Solar panels sit atop a two-story home in Santa Rosa, Calif. Despite their popularity, programs like the one that paid for these panels are coming under fire from federal mortgage regulators.
Solar panels sit atop a two-story home in Santa Rosa, Calif. Despite their popularity, programs like the one that paid for these panels are coming under fire from federal mortgage regulators. Courtesy of Sonoma County Energy Independence

A White House-backed program to allow property owners to pay for energy-efficiency improvements through property tax assessments may be shut down. The federal agency that oversees mortgage giants Fannie Mae and Freddie Mac says the program poses a risk to mortgage lenders.

The federal agency that oversees mortgage giants Fannie Mae and Freddie Mac has slammed the door on the program -- known as PACE, or Property Assessed Clean Energy -- saying it poses a risk to mortgage lenders. That has frustrated PACE supporters, who say the program has helped cut down their energy bills and increased the value of their property.

Making It Easier To Go Solar

On a broad rooftop in Santa Rosa, Calif., workers are installing a large array of solar panels -- more than 200 of them. The $300,000 project was financed by Sonoma County, under a PACE program called Sonoma County Energy Independence.

"We will hopefully make enough energy to take care of all of our needs," says Arnie Carston, the owner of ProSource Flooring, where the panels were being installed.

Carston is a proud Republican -- and a strong supporter of the county program.

"The main reason I wanted to do this," Carston says, "is so that somebody doesn't have to pump a couple thousand gallons of oil out of the ground to make electricity to run my building."

But the ruling by the Federal Housing Finance Agency -- the regulator that oversees Fannie Mae and Freddie Mac -- has cast doubt on Sonoma County's 18-month-old program. Similar PACE programs in 22 other states are also at risk.

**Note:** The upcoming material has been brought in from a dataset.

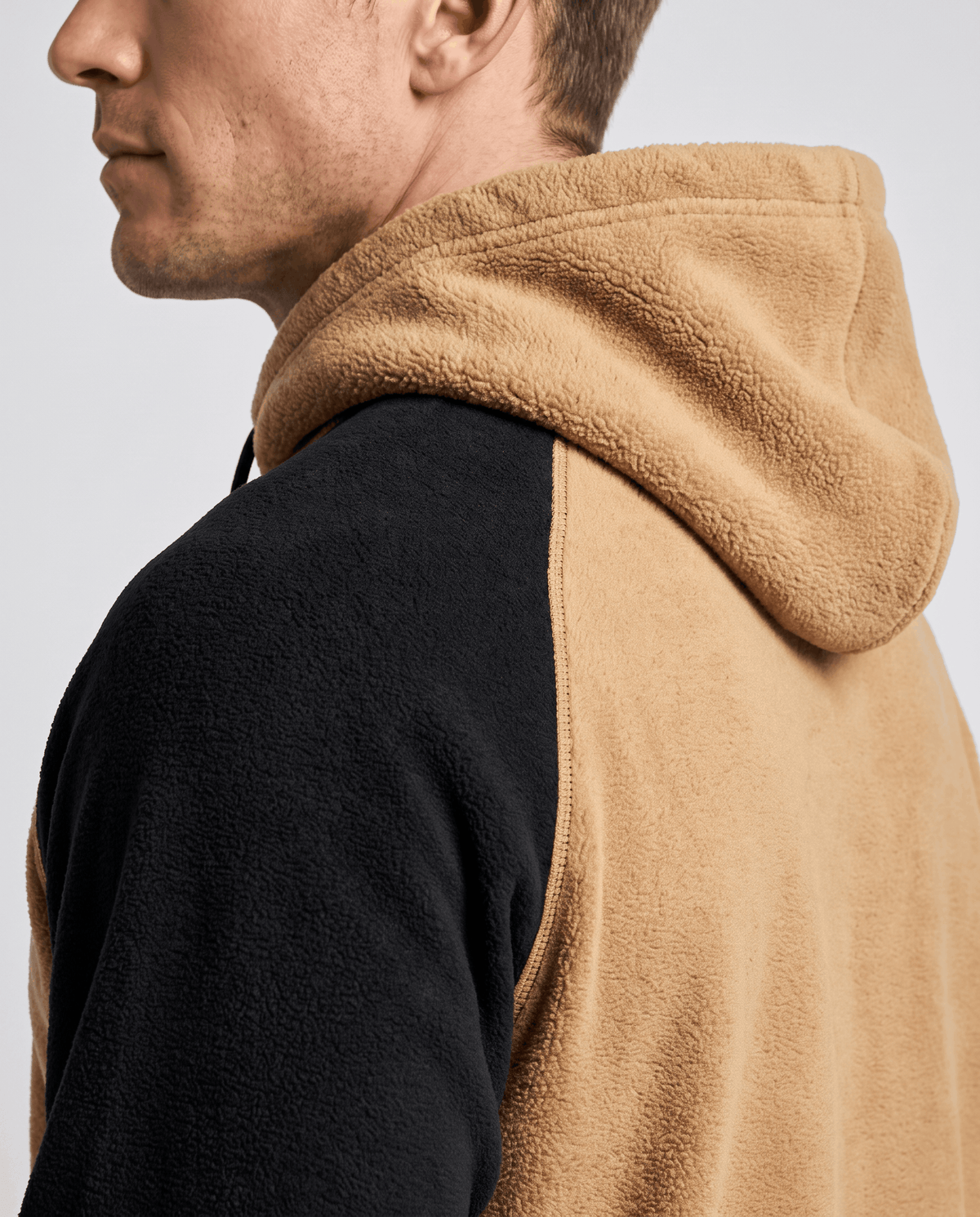 Side close-up of camel hood and black raglan sleeve with soft texture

Carston says he just can't understand why the agency has pulled the rug from under the program.

"It's not doing anything except making America stronger, if we all did this," Carston says. "You know, for the government to come in now and say that you can't do this ... it's a surprise to me that someone hasn't thought this out."

Scrutiny For A Growing Program

Sonoma County has loaned out $30 million for energy improvements to more than 1,000 homes and businesses since the program began a year and a half ago.

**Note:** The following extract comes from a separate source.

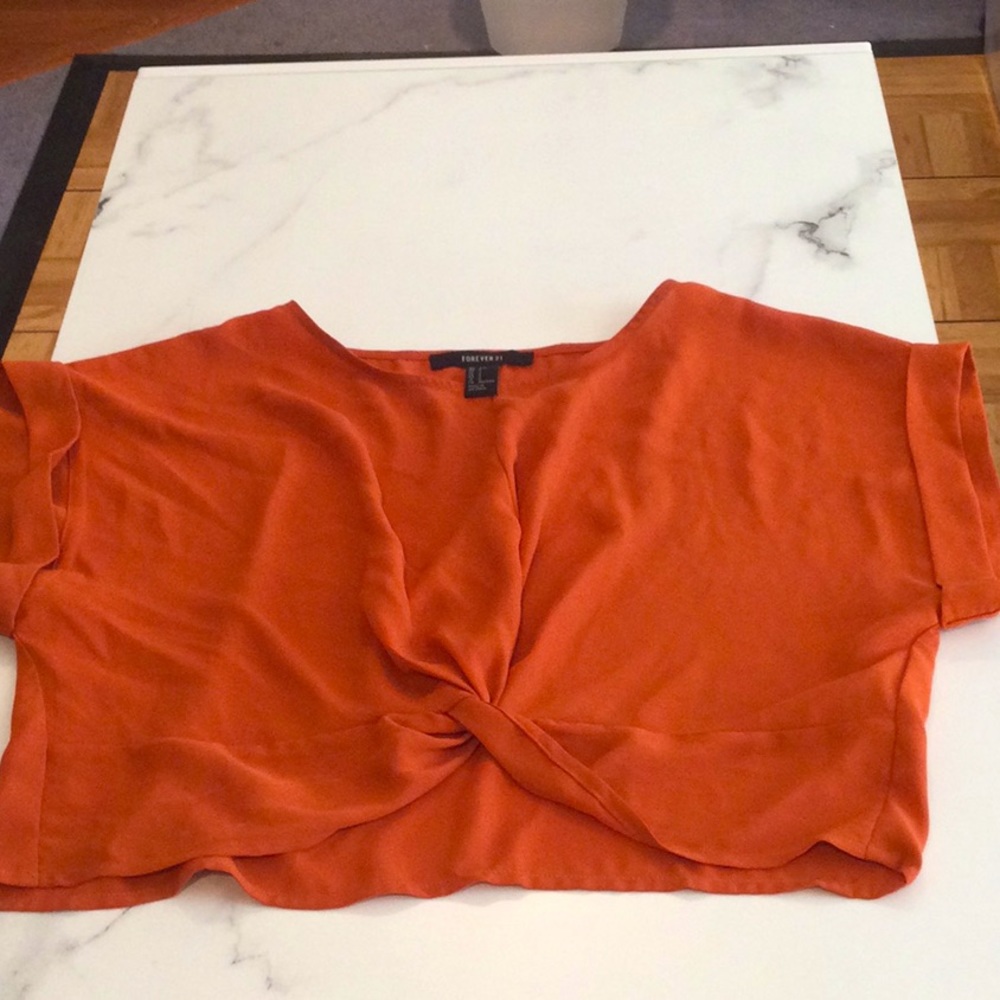Forever 21 orange crop top, size small.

Now that Fannie Mae and Freddie Mac have been told by their regulator to steer clear of the program, some contractors, like John Sutter, are being forced to cut back.

"I'd have to lay off about half my workforce of 15 employees right at this time," Sutter says. "Just at the point we're actually gearing up to increase our workforce, I'm laying off."

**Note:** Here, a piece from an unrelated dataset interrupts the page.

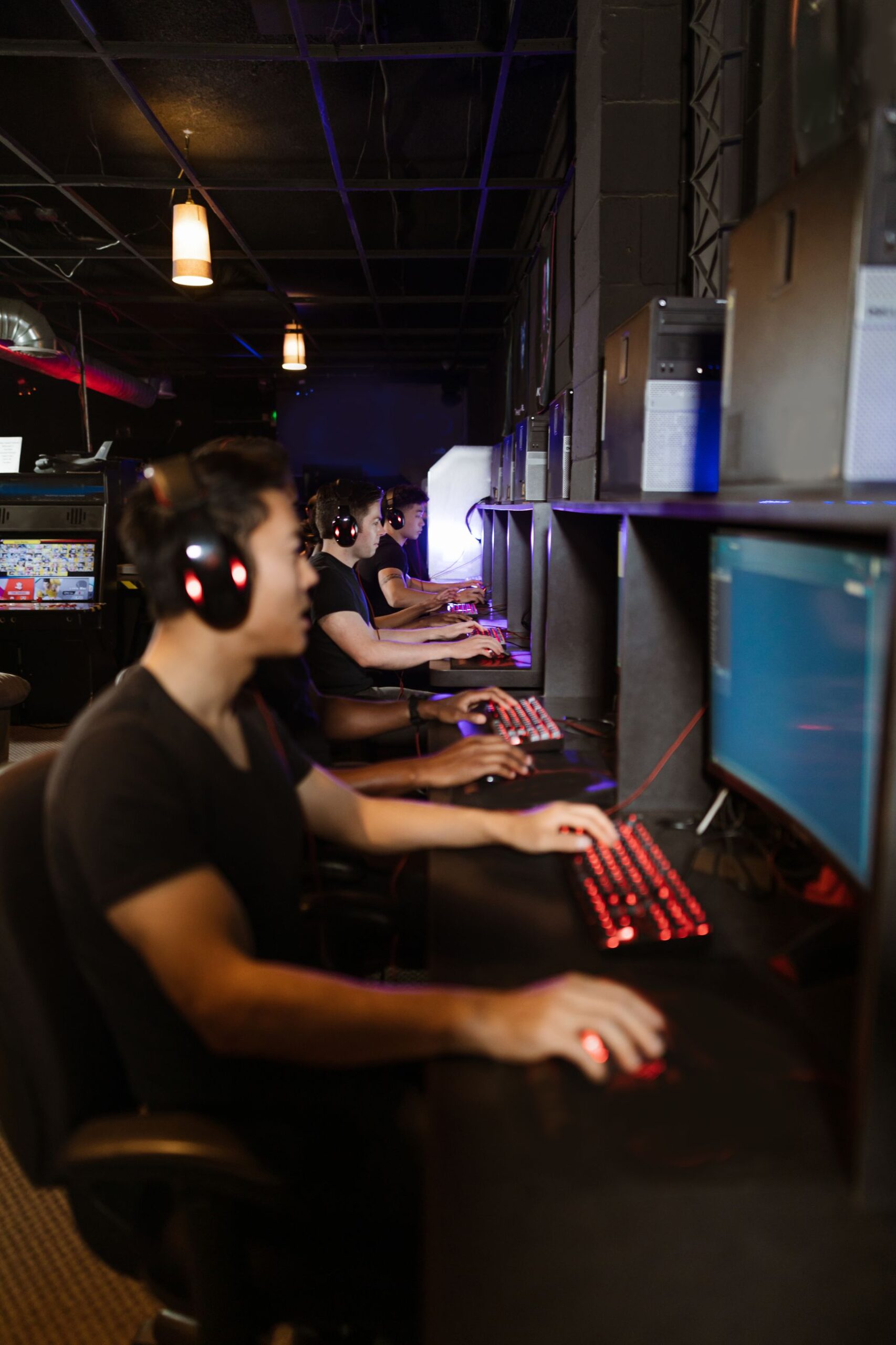 A group of young adults wearing headphones and gaming together in an internet cafe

So what is it about these programs that the FHFA doesn't like? The primary objection is that in the event of a default, the new tax obligation takes priority over the original mortgage.

Program supporters pooh-pooh that objection, saying that the lender would only have to pay off any back property taxes -- a small fraction of the total amount.

But that's not true, says acting FHFA Director Edward DeMarco.

"It is not just what is the unpaid accrued amount on the PACE assessment," he says. "It goes to what can be realized as the value from this property in a foreclosure sale."

In other words, what if prospective buyers don't like that additional property tax and demand a lower price? The mortgage lender eats the loss.

That won't happen, PACE supporters argue, because the house will have increased in value.

Debating Value Of Energy Improvements

Terry Kelley sealed and insulated his house in Sebastopol, Calif., using $20,000 of county money.

"We've found that it has made a huge difference in our winter utility bills," he says. "Our gas usage dropped by half."

And that, Kelley says, makes his house more valuable.

PACE supporters argue that these programs work just like other tax assessments, such as the ones for sidewalks, sewers and streets: They serve a community good by using sustainable energy and reducing greenhouse gases.

But that's comparing apples and oranges, says the FHFA's DeMarco.

"Well, I can leave it to your listeners to decide whether an individual homeowner making a decision on their own to do some sort of energy retrofit just to their property is akin to improving the sewers network in an entire neighborhood or community or not," DeMarco says.

DeMarco says his agency is talking with members of Congress who have introduced legislation to save the program. Meanwhile, California Attorney General Jerry Brown has sued FHFA over the issue, and Sonoma County has elected to continue its program, using other lenders.